B2B cold email results improve dramatically with proper follow-up. Sales follow-up data shows that 80% of deals require at least five touchpoints, yet most reps stop after two. The breakup email - a final "closing the loop" message - often generates a surprisingly strong response, with some teams reporting 15-20% reply rates when the sequence is well-constructed. High-performing SDR teams typically send 150-250 personalized emails per week per rep, and volume matters less than targeting: cold outbound results are strongest when SDRs combine verified contact data with account-level research.
Campaign Trends for 2026
Litmus frames "privacy-proofing" as the defining trend for 2026. The playbook is shifting toward metrics and strategies that don't depend on tracking pixels or third-party cookies.
Zero-party data collection is replacing inferred behavioral data. Preference centers, surveys, and interactive content let subscribers tell you what they want directly. Re-permission campaigns - asking existing subscribers to confirm their preferences - are becoming standard practice rather than a compliance checkbox.
BIMI adoption is accelerating as a trust signal. Brand Indicators for Message Identification display your verified logo next to emails in supporting inboxes. It's both a deliverability signal and a brand recognition play.
Interactive elements are now the norm, not the exception. 97% of email marketers incorporate at least one interactive element, with buttons and CTAs ranked most effective by 35% of respondents. The days of static, image-heavy emails are fading - AMP for Email, embedded polls, and real-time content blocks are moving from experimental to expected. Embedded video thumbnails are lifting click rates by 20-40% in early tests, though results depend heavily on the subject line signaling video content inside.
AI governance is the emerging concern. With the EU AI Act creating risk-level classifications, email teams using AI for personalization and content generation need to understand disclosure requirements, offer opt-outs, and keep policies updated. The 64% of teams already using AI in email need governance frameworks before regulation catches up.
FAQ
What's a good email open rate in 2026?
The 2025 median across 3.6M campaigns is 43.46%; Mailchimp's benchmark (last updated Dec 2023) is 35.63%. Both are inflated by Apple Mail Privacy Protection. Focus on click-through rate (2-3% is healthy) and CTOR of 5-7% as more reliable engagement indicators. Always compare within your industry vertical, not against all-sector averages.

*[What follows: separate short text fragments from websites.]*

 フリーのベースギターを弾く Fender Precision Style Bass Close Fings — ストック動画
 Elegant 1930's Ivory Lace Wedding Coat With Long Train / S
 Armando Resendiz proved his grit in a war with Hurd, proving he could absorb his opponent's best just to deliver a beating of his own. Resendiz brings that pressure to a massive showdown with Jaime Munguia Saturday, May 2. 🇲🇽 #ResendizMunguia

What's the average ROI of email marketing?
Industry sources cite $36-$45 per $1 spent, with the range driven by methodology differences. Litmus repeats a 36:1 benchmark. Companies dedicating over 15% of marketing budget to email are 2x more likely to see 40%+ open rates. Email consistently ranks as the highest-ROI digital channel across both B2B and B2C.
How many emails are sent per day worldwide?

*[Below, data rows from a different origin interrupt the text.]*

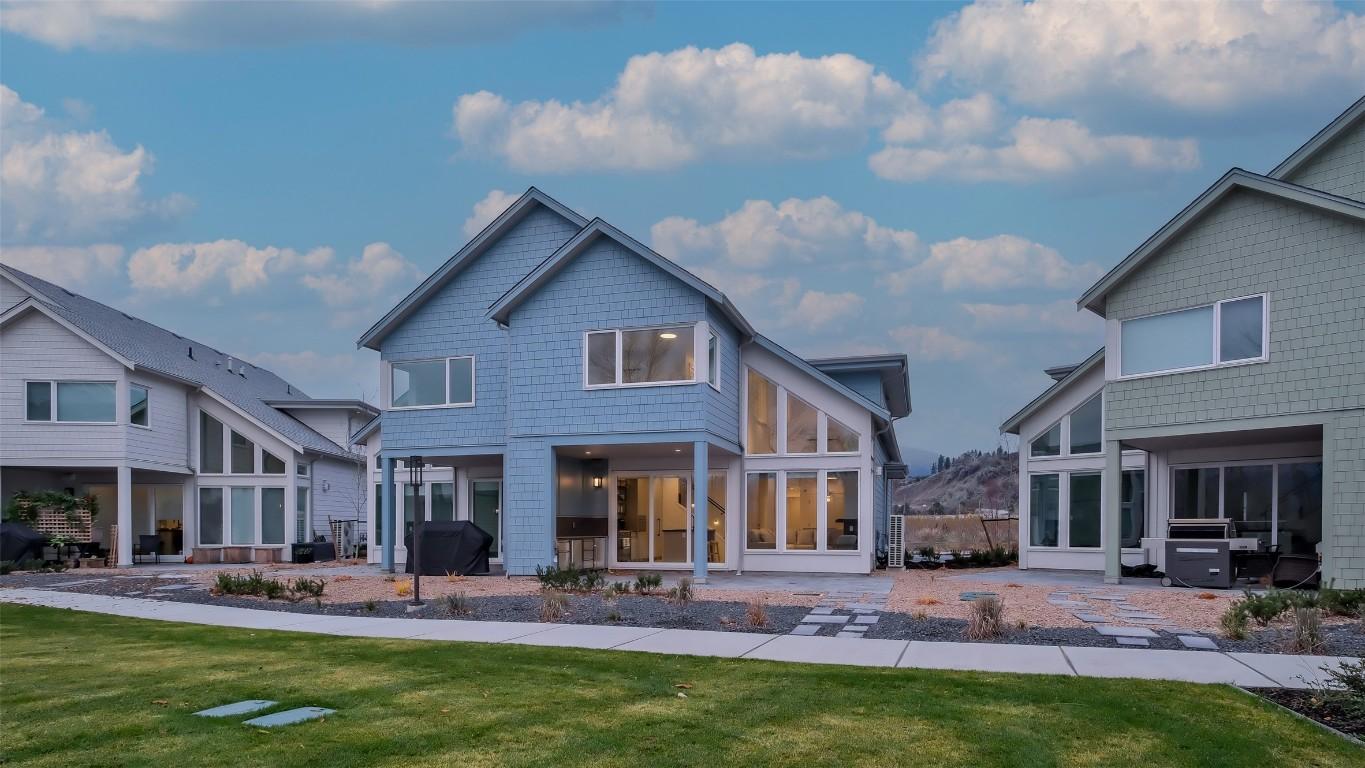 









3040


Landry

Crescent,
Summerland,




BC
V0H 1Z9

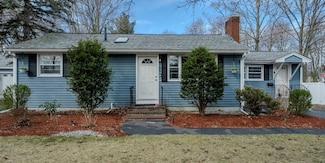 46 Burnham Rd, Lowell, MA 01852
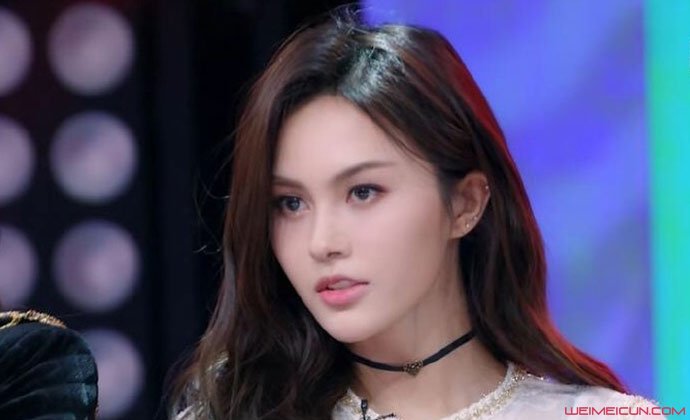 青春有你2邹思扬资料 被指撞脸昆凌的邹思扬是混血儿吗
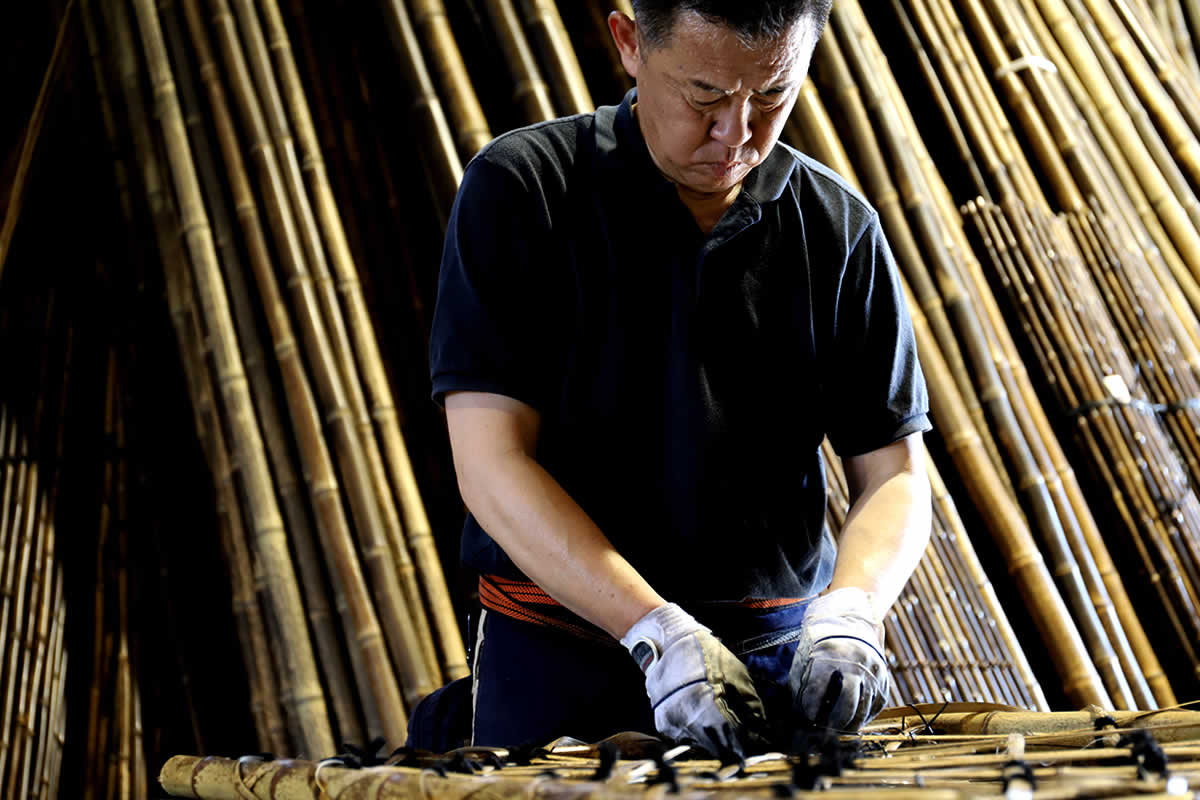 専務（竹虎工場長）が袖垣を作っている写真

Around 361 billion emails per day, with 4.48 billion global users and a 4.73 billion projection for 2026. Daily volume continues to grow year over year, driven by both marketing and transactional expansion.
Do automated emails really outperform manual campaigns?
Significantly. Automated emails see 48.57% open rates vs. 25.2% for manual sends, 5.4% CTR vs. 1.5%, and 4x higher revenue per send. The top 10% of abandoned cart flows generate $28.89 per recipient - nearly 8x the average of $3.65.
How do I improve email deliverability for free?
Start with authentication: configure SPF, DKIM, and DMARC for your sending domain. Keep spam complaint rates below 0.1% and include one-click unsubscribe headers. Verify your list before sending - Prospeo's free tier includes 75 email verifications per month at 98% accuracy, which catches invalid addresses before they damage your sender reputation. Tools like Mail Tester and Google Postmaster Tools also help diagnose issues at no cost.